The task:
Please write out exactly the line containing "Une chambre d’hôtel" below and every line after it, through the last one, but leave out any pictures.

BEGIN

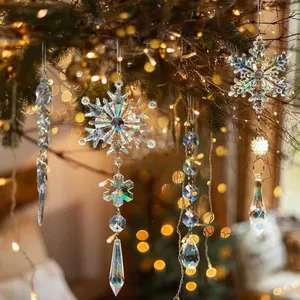 Iridescent acrylic snowflake and icicle ornaments hanging on a festive Christmas tree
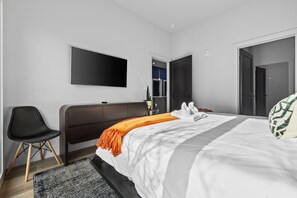 Une chambre d’hôtel moderne équipée d’un lit, d’un téléviseur à écran plat, d’une chaise et d’un bureau.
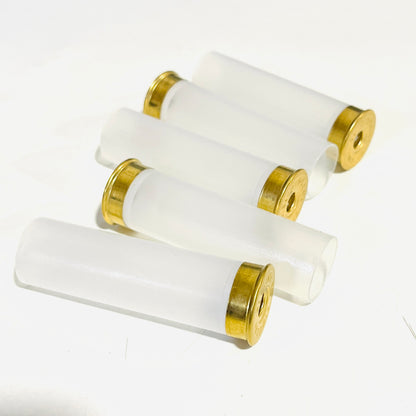 Five clear, empty 12 gauge casings lying diagonally on a white surface with their brass heads alternating end to end primer removed for diy christmas lights
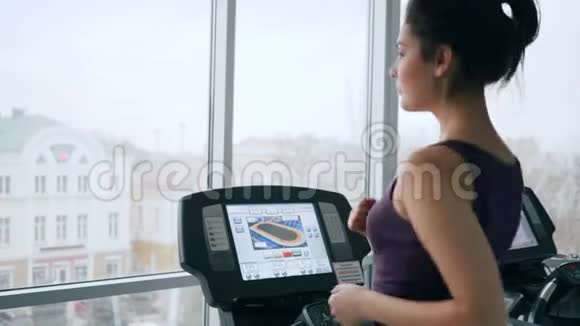 在健身室训练期间可爱的女性在跑步模拟器上喝凉水视频的预览图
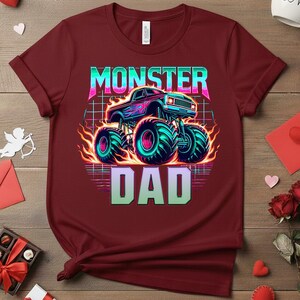 Peut inclure: T-shirt bordeaux avec un motif de monster truck, de grands pneus et des flammes. Le texte "MONSTER DAD" est affich&eacute; au-dessus et en dessous du camion dans un d&eacute;grad&eacute; de couleurs n&eacute;on. Le t-shirt a des manches courtes.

END

Task response:
 Une chambre d’hôtel moderne équipée d’un lit, d’un téléviseur à écran plat, d’une chaise et d’un bureau.
 Five clear, empty 12 gauge casings lying diagonally on a white surface with their brass heads alternating end to end primer removed for diy christmas lights
 在健身室训练期间可爱的女性在跑步模拟器上喝凉水视频的预览图
 Peut inclure: T-shirt bordeaux avec un motif de monster truck, de grands pneus et des flammes. Le texte "MONSTER DAD" est affich&eacute; au-dessus et en dessous du camion dans un d&eacute;grad&eacute; de couleurs n&eacute;on. Le t-shirt a des manches courtes.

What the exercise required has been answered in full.